Below are the records; give again exactly the lines from the one containing "The Naga Cave" through the one containing "Buckwheat Porridge in", leaving out pictures.

*** Material shown ***

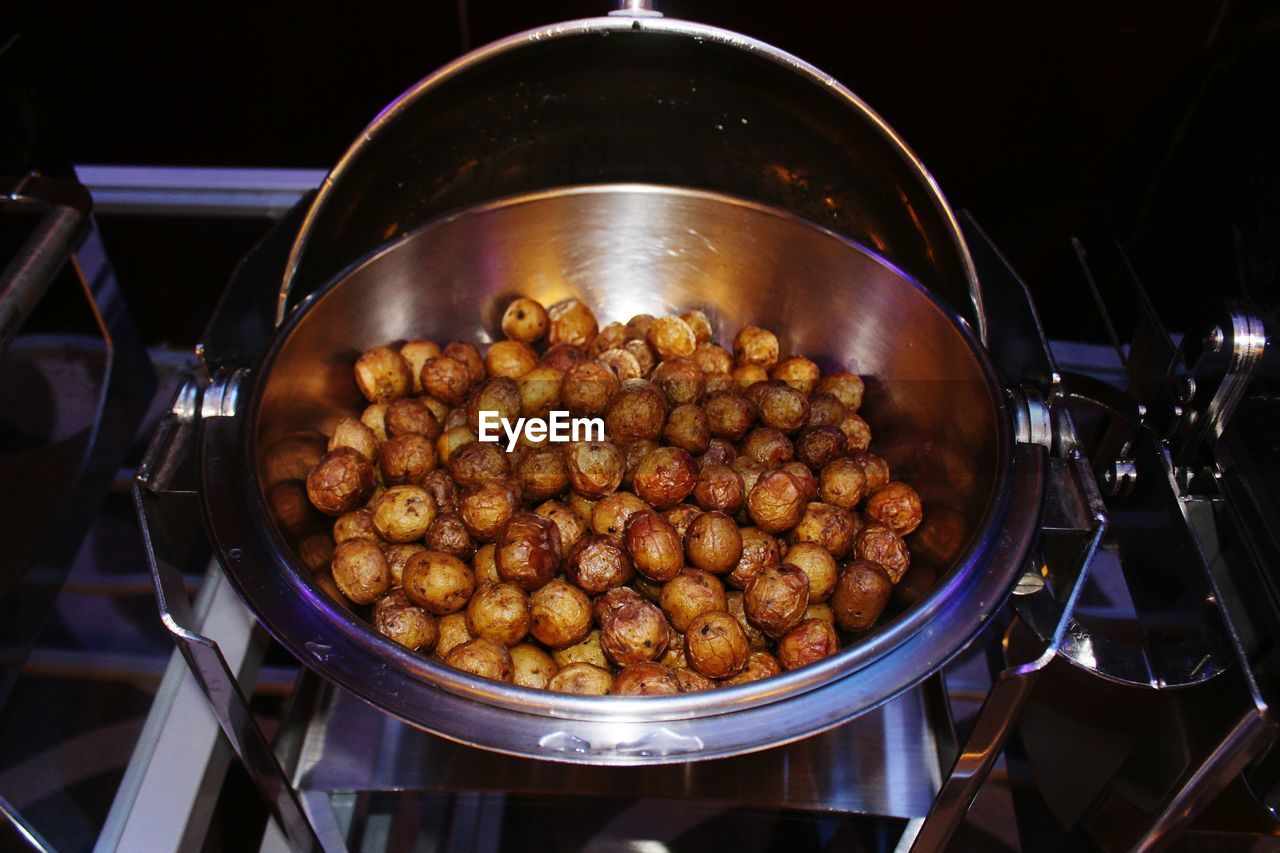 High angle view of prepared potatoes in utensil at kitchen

*** End of Material shown ***
*** Material shown ***

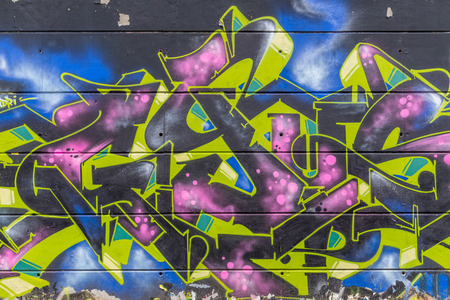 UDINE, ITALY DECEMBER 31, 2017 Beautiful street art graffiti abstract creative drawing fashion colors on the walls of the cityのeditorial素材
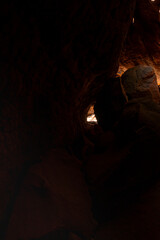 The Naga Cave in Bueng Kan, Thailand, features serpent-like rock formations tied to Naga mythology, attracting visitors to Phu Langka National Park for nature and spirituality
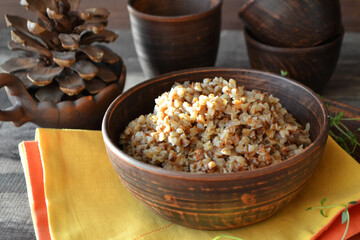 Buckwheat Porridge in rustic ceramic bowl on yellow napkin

*** End of Material shown ***
*** Material shown ***

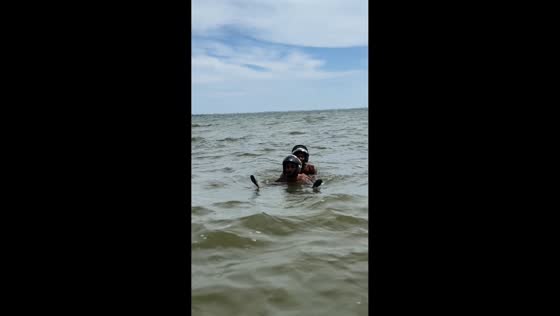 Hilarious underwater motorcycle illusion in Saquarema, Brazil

*** End of Material shown ***

▶ **Answer box**
 The Naga Cave in Bueng Kan, Thailand, features serpent-like rock formations tied to Naga mythology, attracting visitors to Phu Langka National Park for nature and spirituality
 Buckwheat Porridge in rustic ceramic bowl on yellow napkin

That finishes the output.